Reversibility is non-negotiable. The moment you permanently delete context, you introduce failure modes. CCR makes compression a zero-risk operation.
The Kneedle algorithm is underrated. Finding optimal K without a training set is hard. Kneedle solves it elegantly for sorted score distributions.
BM25 is good enough for 90% of cases. I spent weeks on embedding-based similarity before realizing BM25 handles most tool outputs perfectly. Embeddings help only for semantic queries.

SmartCrusher is the core compression engine in Copium. It handles every JSON array that flows through the proxy, silently saving 70-90% of tokens while the LLM works exactly as if the full data was there.

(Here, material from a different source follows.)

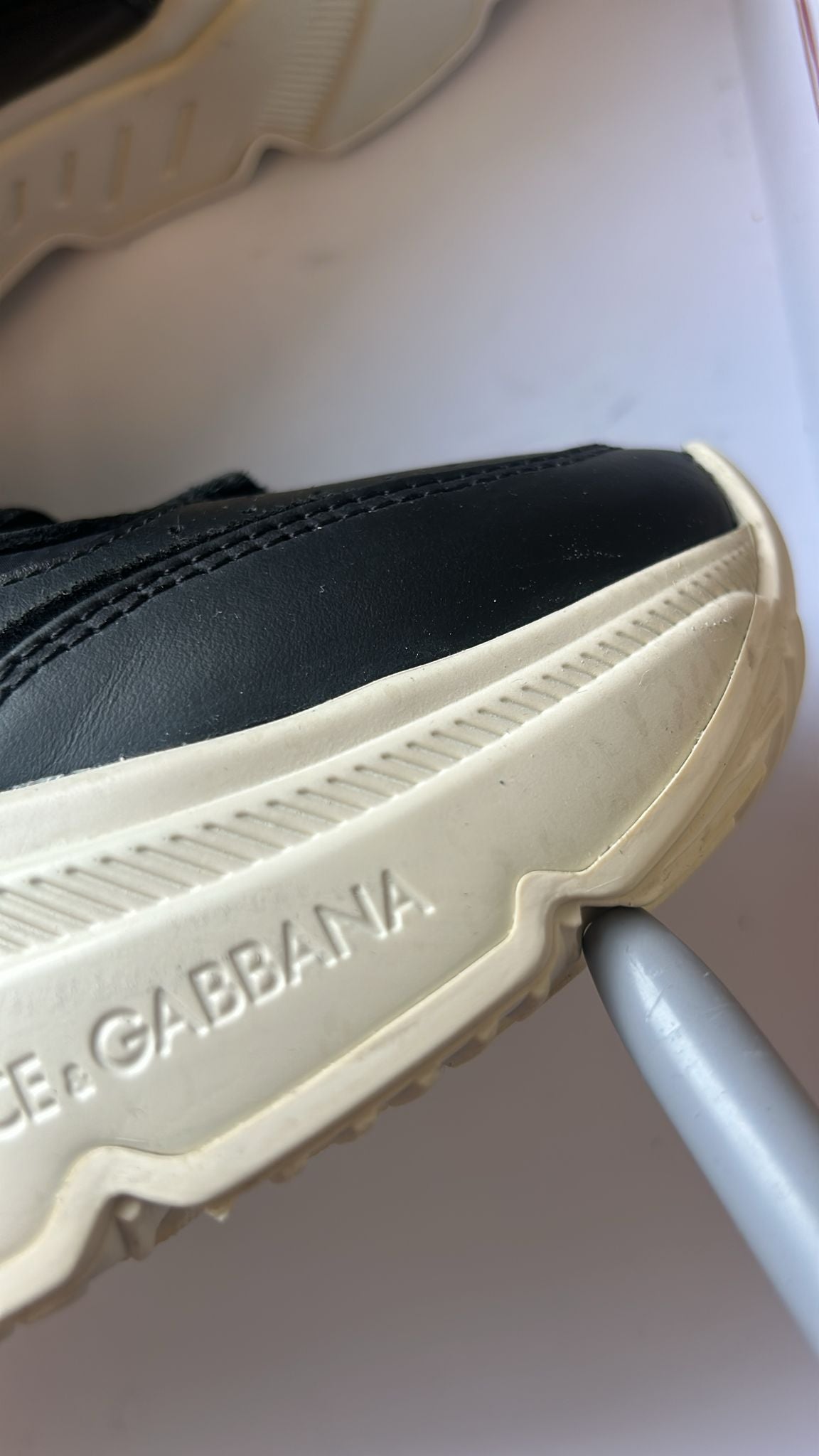 Dolce & Gabbana Schwarz Weiß Daymaster Low Top Turnschuhe Schuhe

Source: github.com/iKislay/copium

Top comments (1)

Max Quimby • Jun 30

The CCR retrieve-marker is the part that makes this safe to actually ship — lossy compression on tool outputs without a recovery path is how agents fail silently, and handing the model an escape hatch to pull copium_retrieve(...) turns a hard drop into a soft one. Right call. The number I'd scrutinize is the <3% retrieval rate: it measures how often the model asks for more, not how often it needed something it never got and never realized was missing. The dangerous case is the model confidently answering from the 18 shown items while dropped item #340 quietly contradicts them — it can't fire a retrieve call for a gap it can't see, so retrieval rate structurally undercounts silent misses. Have you measured the false-negative directly — same agent task on full vs compressed arrays, then diff the final answers? That's the only signal that catches the silent class. Separately, curious how Kneedle behaves on a genuinely uniform array: a paginated list where every row matters equally has no knee, and I'd worry the curve-fit over-prunes exactly when the user wanted a complete count.